Task description » Transcribe the data that follows in full. Leave out the pictures.

Stored data »
☆ ☆ ☆

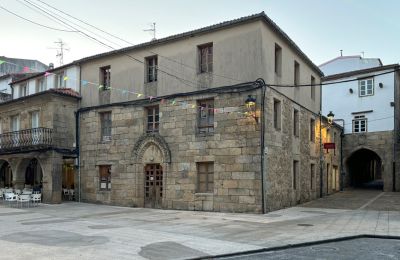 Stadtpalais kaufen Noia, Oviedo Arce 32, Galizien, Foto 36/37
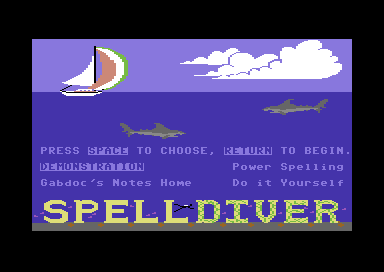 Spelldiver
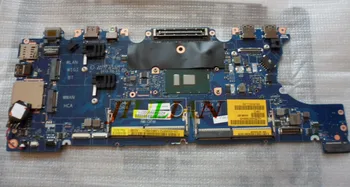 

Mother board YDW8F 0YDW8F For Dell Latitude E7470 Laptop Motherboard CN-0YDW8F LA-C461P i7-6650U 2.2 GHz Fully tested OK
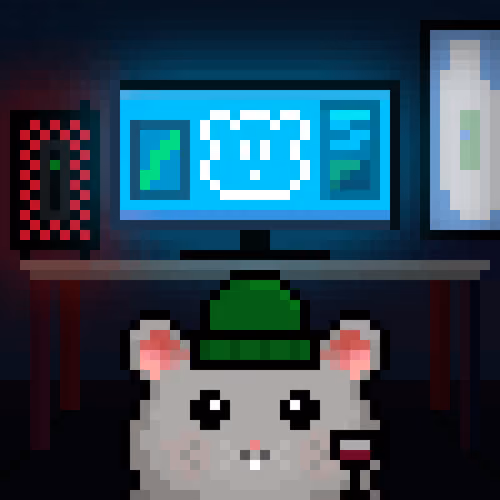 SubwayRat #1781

☆ ☆ ☆

Response »
 Stadtpalais kaufen Noia, Oviedo Arce 32, Galizien, Foto 36/37
 Spelldiver

Mother board YDW8F 0YDW8F For Dell Latitude E7470 Laptop Motherboard CN-0YDW8F LA-C461P i7-6650U 2.2 GHz Fully tested OK
 SubwayRat #1781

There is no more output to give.